Simon Turner and his family had only lived in their home for a week. But after a wildfire tore through their Medford neighborhood, everything in that new home was gone.
Turner, his girlfriend Lensie Shaw, and their one-year-old daughter, Cordi, lived in one of the 4,400 homes that were destroyed by Oregon wildfires in 2020, and were among the 24,956 Oregonians who applied for assistance from the Federal Emergency Management Agency, the agency said.
On Friday, thanks to FEMA, Turner and Shaw will move into a temporary mobile home in a Central Point RV park, becoming the first of roughly 325 families in the Medford area approved for temporary housing after losing their homes to the Labor Day fires.
“That’s huge,” Turner said of the assistance. “It’s going to bring me and my family back together.”
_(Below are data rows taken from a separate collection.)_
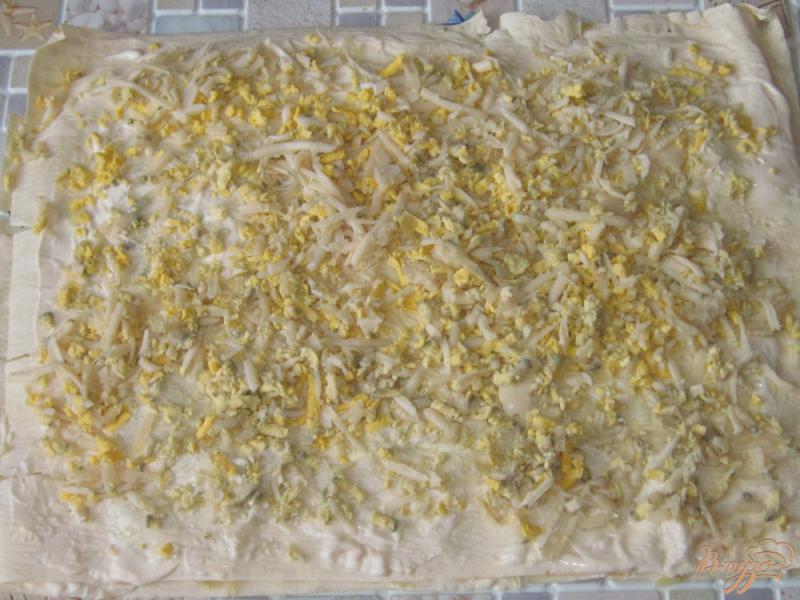 Фото приготовление рецепта: Рулет из лаваша с салями, огурцом и сыром шаг №3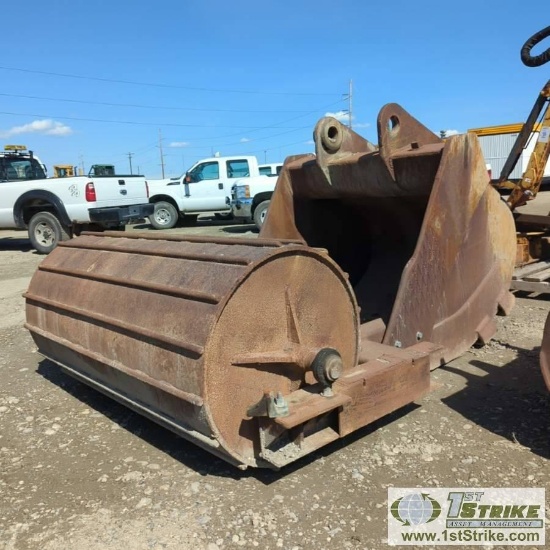 EXCAVATOR ATTACHMENT, TOOTHED BUCKET WITH BOLT ON ROLLER COMPACTOR, EASCO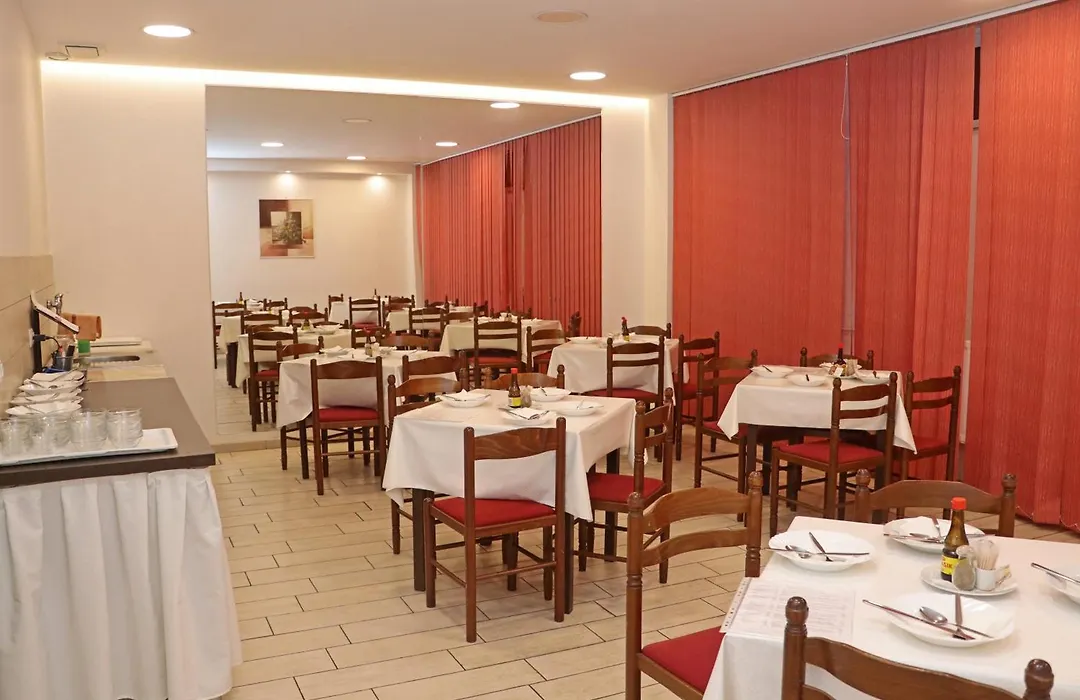 Hotel Maria-1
Since the fire, Shaw and their baby have been staying with her family in Coos Bay, while Turner has stayed with friends in Medford to keep working, she said. Turner works as a drug and alcohol counselor, and recently started his own business doing photography, filmmaking and DJing.
That new career path had looked promising. At the onset of the pandemic, Turner started DJing live sets online, hoping to bring joy into the lives of people stuck at home. But the fire destroyed all of his new equipment, along with virtually all of the family’s belongings.
That’s left the young family to start from scratch, and for the last two months it’s forced Turner to spend time away from his daughter, who took her first steps in Coos Bay this fall. The temporary housing will be a stepping stone while they look to buy a new home together, he said, hopefully sometime soon.
FEMA spokesman Paul Corah said Friday that the housing is meant to provide a stabilizing first step for survivors as they get back on their feet. They’ll be able to live in the mobile homes for up to 18 months after the disaster — through March of 2022. Ideally people will be able to return to their property once it’s safe to do so and those who can’t move back will move on.
Corah said the mobile homes are particularly important in Southern Oregon, where there aren’t as many rental homes or apartments available. According to FEMA, more than 1,000 people in the Medford area have been living in hotels since September, many of whom will move into the temporary homes in the coming weeks.
“It’s a huge housing mission,” Corah said. “This is the very first step we need to take, getting the people back in the community thriving again.”
FEMA has previously rolled out the mobile homes for wildfire survivors in California, as well as people in other parts of the country displaced by tornadoes and hurricanes. The agency usually tries to find people housing close to their schools and family, Corah said, and typically uses the mobile homes as a last resort.
He added that there’s a chance they may need to be used more frequently in the future, as climate change results in more frequent – and often more devastating – natural disasters across the U.S.
“We’ve seen an increase in disasters across the United States,” Corah said. “Obviously this is the biggest disaster FEMA has ever seen in Oregon.”
Oregon wildfires burned more than 1 million acres of land this year and killed nearly a dozen people. Some who lived in the path of the fires just barely managed to escape, and many were only able to leave with a few belongings and the clothes on their backs.
Turner said they only had enough time to grab important documents and a change of clothes before speeding away to safety. And while they wouldn’t know the fate of their home for another four days, he said he had a feeling it wouldn’t be there when they returned.
“I knew when we were leaving the house,” he said. “Something told me, ‘Simon you’re never going to see this stuff again.’”
A U.S. Army veteran who served a year in Afghanistan, Turner said he drew on his military experience to get his family through it. There was no room for emotions, he said, only survival and the next step ahead.
He’s drawn on different experiences in the months since the fire, using the coping skills he teaches addicts as a counselor to focus on the positive. The fire has brought his young family closer together, he said, strengthened his relationship with Shaw and given them all a completely fresh start.
He said he prefers to focus not on the loss, but on the growth that’s happening as a result.
“You control your thoughts through how you look at things,” Turner said. “I’m choosing for things to get better from that fire moving on.”